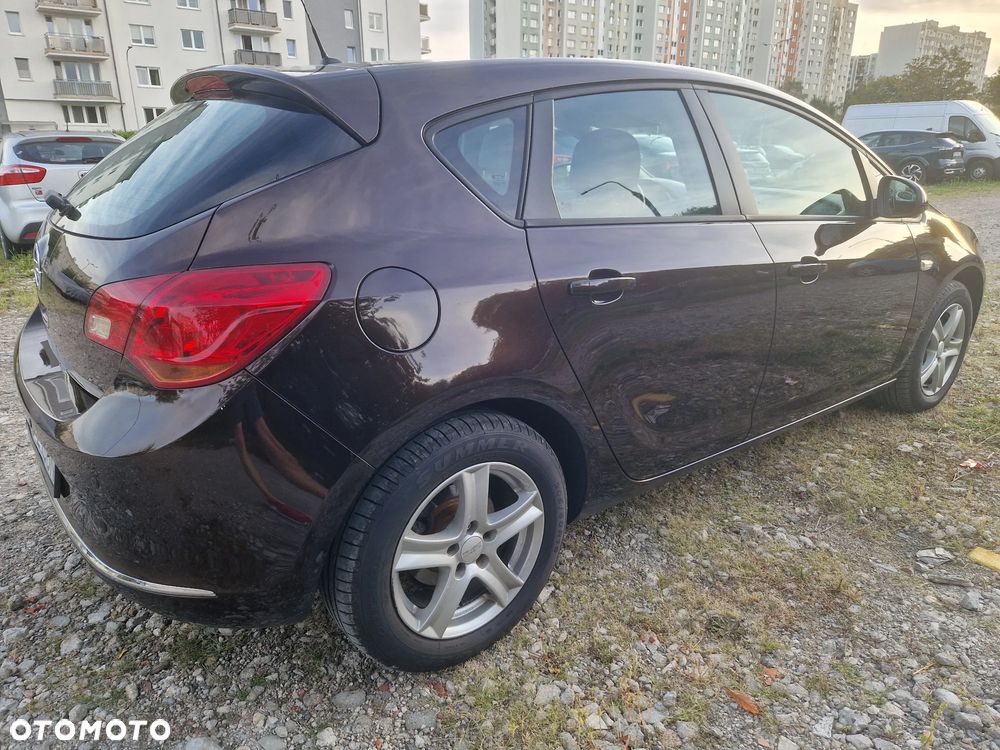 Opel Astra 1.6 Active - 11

* * *

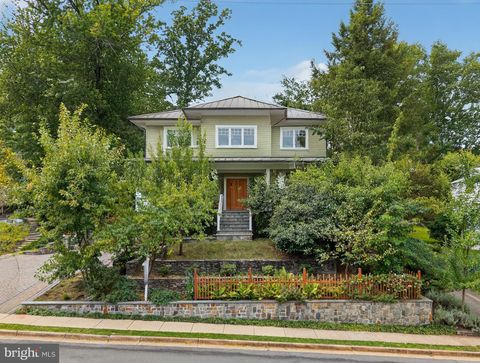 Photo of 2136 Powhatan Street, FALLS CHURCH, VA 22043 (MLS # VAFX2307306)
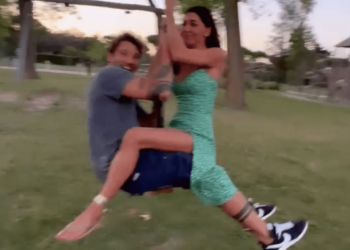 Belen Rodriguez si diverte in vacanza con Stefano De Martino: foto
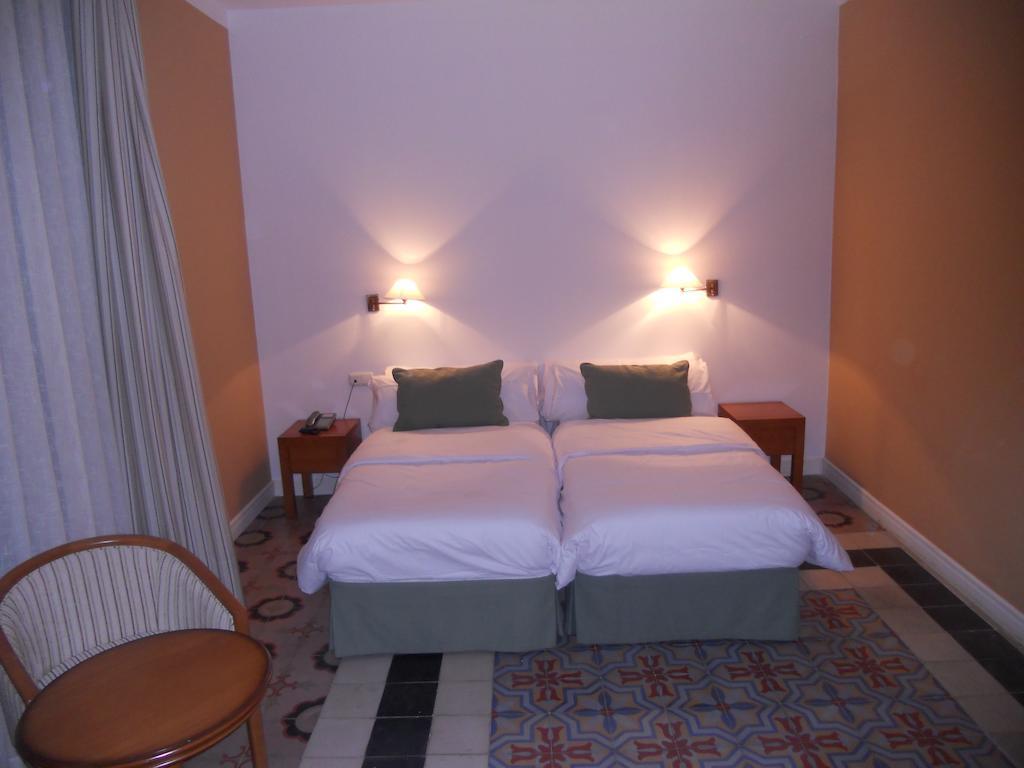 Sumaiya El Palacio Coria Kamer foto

> What the task asks: Using the entries above, reproduce word for word only the lines from the one that contains "Photo of 2136" to the one that contains "Sumaiya El Palacio Coria Kamer foto", both ends included, and drop every picture.

> Solution to the exercise:
 Photo of 2136 Powhatan Street, FALLS CHURCH, VA 22043 (MLS # VAFX2307306)
 Belen Rodriguez si diverte in vacanza con Stefano De Martino: foto
 Sumaiya El Palacio Coria Kamer foto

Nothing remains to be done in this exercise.